My code looks as follows:

bi_markets = []
for item in dbMarkets:
    eItem = Market.objects.filter(exchange=item.exchange,market=item.market)
    if len(eItem) > 0:
        eItem.update(ask=item.ask,bid=item.bid)
    else:
        bi_markets.append(item)

#Bulk insert items that does not exist
Market.objects.bulk_create(bi_markets)  

However executing this takes way too long. Approximately 30 seconds. I need to reduce the time down to 1 second. I know this can be done as I do the same wth custom SQL code in .NET in under 100ms. Any idea how to improve the performance in Django?

ceds
  • 2,097
  • 5
  • 32
  • 50
  • 1
    Try adding `db_index=True` for `market` & `exchange` fields. – art May 01 '18 at 07:17
  • 2
    why not use `exists = Model.objects.filter(category='django').exists()` will help to reduce one check and try to fetch dbmatrkets using value.i mean like this `dbmarkets = Model.objects.value('value1','value2')`.This willl reduce your query time. – Abi Waqas May 01 '18 at 07:18
  • adding indexes did not increase performance – ceds May 01 '18 at 07:26
  • using exists() will add an additional layer of running time as 99.9% of the items will exist in the table – ceds May 01 '18 at 07:26
  • 1
    No it won't. It will be a (slight) optimisation over `len()` which calls `COUNT()`. – Daniel Roseman May 01 '18 at 08:11

2 Answers2

1

If it’s this kind of performance you’re going for, I don’t see why you wouldn’t just break out into raw SQL. Bulk creating things that don’t exist yet sounds like the advanced SQL querying that Django isn’t really made for.
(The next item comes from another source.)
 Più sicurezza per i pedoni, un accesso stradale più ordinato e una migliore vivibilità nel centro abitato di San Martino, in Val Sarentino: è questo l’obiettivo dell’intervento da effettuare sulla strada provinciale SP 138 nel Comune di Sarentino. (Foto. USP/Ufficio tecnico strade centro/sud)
https://docs.djangoproject.com/en/2.0/topics/db/sql/

You can also do (sorry on mobile):

bi_markets = []
for item in dbMarkets:
  rows = Market.objects.filter(exchange=item.exchange, market=item.market).update(ask=item.ask, bid=item.bid)
  if rows == 0:
    bi_markets.append(item)

Market.objects.bulk_create(bi_markets)

Maybe that combination will generate some better SQL and it sidesteps the exists() call as well (update returns how many rows it changed).

Alper
  • 3,424
  • 4
  • 39
  • 45
  • Thanks. The problem is not bulk inserting. It is checking if the items exists and updating it. If I delete all items and bulk insert it is fast enough, but the problem is the PK obviously changes every time. Will need 'bulk update' functionality where a different update for each item can be given – ceds May 01 '18 at 07:27
  • I expanded it and maybe this'll perform? At least it is much tidier. – Alper May 01 '18 at 09:43
-3

I've decided to split the update and create functionality. The create only happens when the app starts, from there on I do updates using custom SQL script. See below. Working great.

updateQ = []
updateQ.append("BEGIN TRANSACTION;")

for dbItem in dbMarkets:
    eItem = tickers[dbItem.market]
    qStr = "UPDATE app_market SET ask = " + str(eItem['ask']) + ",bid = " + str(eItem['bid']) + " WHERE exchange_id = " + str(e.dbExchange.pk) + " AND market = " + '"' + dbItem.market + '";'
    updateQ.append(qStr)

updateQ.append("COMMIT;")

updateQFinal  = ''.join(map(str, updateQ))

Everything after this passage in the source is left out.